Why? Because it’s not fair to judge trustees according to vague, subjective, and shifting standards of ‘behaviour’ or ‘public expectations’. It’s not fair to make sweeping claims and conclusions that ‘charities need to do x, charities are collectively responsible for y’ when the issue has nothing to do with 99% of them. It’s not fair to make unsubstantiated or poorly evidenced accusations in the press that perversely damage public trust and confidence in charities.

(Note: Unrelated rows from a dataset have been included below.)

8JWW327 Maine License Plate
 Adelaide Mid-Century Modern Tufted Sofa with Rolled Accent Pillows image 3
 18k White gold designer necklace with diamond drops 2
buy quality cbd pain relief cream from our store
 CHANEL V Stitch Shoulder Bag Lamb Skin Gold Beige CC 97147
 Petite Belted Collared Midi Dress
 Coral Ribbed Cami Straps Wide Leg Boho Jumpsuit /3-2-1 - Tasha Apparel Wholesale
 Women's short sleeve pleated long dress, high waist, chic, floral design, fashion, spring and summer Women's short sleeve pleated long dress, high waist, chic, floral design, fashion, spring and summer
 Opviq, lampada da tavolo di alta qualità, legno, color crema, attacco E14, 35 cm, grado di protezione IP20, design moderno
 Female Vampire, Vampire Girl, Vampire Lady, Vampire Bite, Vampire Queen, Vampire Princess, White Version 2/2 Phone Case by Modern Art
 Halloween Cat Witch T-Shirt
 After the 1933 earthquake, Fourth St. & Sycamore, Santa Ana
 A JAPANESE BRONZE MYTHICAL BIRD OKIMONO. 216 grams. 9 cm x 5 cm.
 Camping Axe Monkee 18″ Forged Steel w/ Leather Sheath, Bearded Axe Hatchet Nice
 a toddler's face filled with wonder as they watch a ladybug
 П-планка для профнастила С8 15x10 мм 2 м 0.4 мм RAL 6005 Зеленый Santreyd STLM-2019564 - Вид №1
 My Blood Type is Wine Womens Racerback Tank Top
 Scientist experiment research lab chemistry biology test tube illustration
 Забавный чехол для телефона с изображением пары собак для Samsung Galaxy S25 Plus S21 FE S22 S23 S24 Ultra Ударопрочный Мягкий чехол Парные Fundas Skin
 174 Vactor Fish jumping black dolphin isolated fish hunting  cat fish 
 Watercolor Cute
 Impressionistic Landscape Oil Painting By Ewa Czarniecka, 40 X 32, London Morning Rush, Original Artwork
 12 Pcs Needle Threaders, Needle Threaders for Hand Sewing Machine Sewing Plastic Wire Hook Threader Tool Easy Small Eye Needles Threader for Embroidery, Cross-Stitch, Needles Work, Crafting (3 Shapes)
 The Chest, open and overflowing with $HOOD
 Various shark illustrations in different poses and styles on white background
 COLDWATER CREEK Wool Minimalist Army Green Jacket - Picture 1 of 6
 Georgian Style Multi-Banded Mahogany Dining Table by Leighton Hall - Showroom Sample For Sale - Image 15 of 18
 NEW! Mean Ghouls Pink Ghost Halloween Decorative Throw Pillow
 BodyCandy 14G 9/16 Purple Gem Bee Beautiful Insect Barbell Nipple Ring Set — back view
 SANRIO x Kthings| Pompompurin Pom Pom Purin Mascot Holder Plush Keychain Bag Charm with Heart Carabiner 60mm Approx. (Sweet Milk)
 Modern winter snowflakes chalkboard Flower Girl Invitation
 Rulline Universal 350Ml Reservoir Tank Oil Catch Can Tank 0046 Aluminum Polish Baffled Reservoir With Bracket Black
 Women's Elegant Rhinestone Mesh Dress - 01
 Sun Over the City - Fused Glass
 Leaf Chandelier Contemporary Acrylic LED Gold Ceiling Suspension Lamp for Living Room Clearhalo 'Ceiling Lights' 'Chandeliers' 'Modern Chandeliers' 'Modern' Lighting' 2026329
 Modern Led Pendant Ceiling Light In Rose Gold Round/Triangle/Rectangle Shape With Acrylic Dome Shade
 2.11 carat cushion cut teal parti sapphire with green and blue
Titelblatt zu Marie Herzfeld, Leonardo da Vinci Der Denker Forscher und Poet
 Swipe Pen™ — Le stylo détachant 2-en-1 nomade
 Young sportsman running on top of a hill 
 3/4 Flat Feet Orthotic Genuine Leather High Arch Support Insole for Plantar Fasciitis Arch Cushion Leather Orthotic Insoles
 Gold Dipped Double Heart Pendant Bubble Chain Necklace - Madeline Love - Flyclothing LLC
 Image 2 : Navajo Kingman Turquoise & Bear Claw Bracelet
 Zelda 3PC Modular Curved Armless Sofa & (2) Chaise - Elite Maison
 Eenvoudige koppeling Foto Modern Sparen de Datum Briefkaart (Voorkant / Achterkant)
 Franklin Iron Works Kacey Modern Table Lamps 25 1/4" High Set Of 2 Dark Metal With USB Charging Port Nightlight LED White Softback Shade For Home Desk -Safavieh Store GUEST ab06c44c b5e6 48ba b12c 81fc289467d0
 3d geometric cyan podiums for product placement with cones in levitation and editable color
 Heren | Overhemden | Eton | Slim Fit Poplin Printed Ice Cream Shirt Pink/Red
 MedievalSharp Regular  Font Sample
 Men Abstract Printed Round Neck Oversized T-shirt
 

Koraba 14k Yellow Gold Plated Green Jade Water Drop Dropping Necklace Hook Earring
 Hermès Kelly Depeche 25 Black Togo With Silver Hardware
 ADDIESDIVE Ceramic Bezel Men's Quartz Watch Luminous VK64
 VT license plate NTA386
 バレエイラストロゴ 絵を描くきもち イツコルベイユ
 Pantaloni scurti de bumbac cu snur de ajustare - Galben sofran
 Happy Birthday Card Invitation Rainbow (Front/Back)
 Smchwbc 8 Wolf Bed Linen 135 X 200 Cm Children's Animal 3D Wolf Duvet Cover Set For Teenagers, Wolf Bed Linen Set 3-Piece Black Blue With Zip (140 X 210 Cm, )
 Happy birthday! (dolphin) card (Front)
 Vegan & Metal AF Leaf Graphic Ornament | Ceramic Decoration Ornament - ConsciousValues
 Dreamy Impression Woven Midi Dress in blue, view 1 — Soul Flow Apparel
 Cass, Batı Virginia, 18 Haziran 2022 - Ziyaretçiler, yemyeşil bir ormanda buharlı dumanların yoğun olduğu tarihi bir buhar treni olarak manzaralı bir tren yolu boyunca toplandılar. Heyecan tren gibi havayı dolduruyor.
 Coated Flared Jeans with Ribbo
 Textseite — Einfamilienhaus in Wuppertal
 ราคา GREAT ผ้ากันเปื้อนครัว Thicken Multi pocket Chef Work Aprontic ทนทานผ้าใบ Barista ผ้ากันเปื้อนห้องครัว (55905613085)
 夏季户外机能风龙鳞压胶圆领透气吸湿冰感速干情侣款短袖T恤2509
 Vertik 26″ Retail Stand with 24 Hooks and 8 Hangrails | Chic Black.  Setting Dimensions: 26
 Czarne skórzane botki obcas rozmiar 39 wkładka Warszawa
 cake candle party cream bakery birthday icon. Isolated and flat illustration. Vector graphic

The Commission is losing the confidence and respect of those it regulates

The truth the current leadership seems unable or unwilling to grasp is that the Charity Commission needs the respect of those it regulates – but this is ebbing away. The Commission is under-resourced but also vastly outnumbered by the number of charities, and relies upon the goodwill of hundreds of thousands of volunteer trustees who try to do their best. If it throws that goodwill away in favour of the bully pulpit and trial by media, then trusteeship – the lifeblood of the sector – may become a burden too big to bear for many. That would be a situation which our regulator, our sector, and our society simply can’t afford.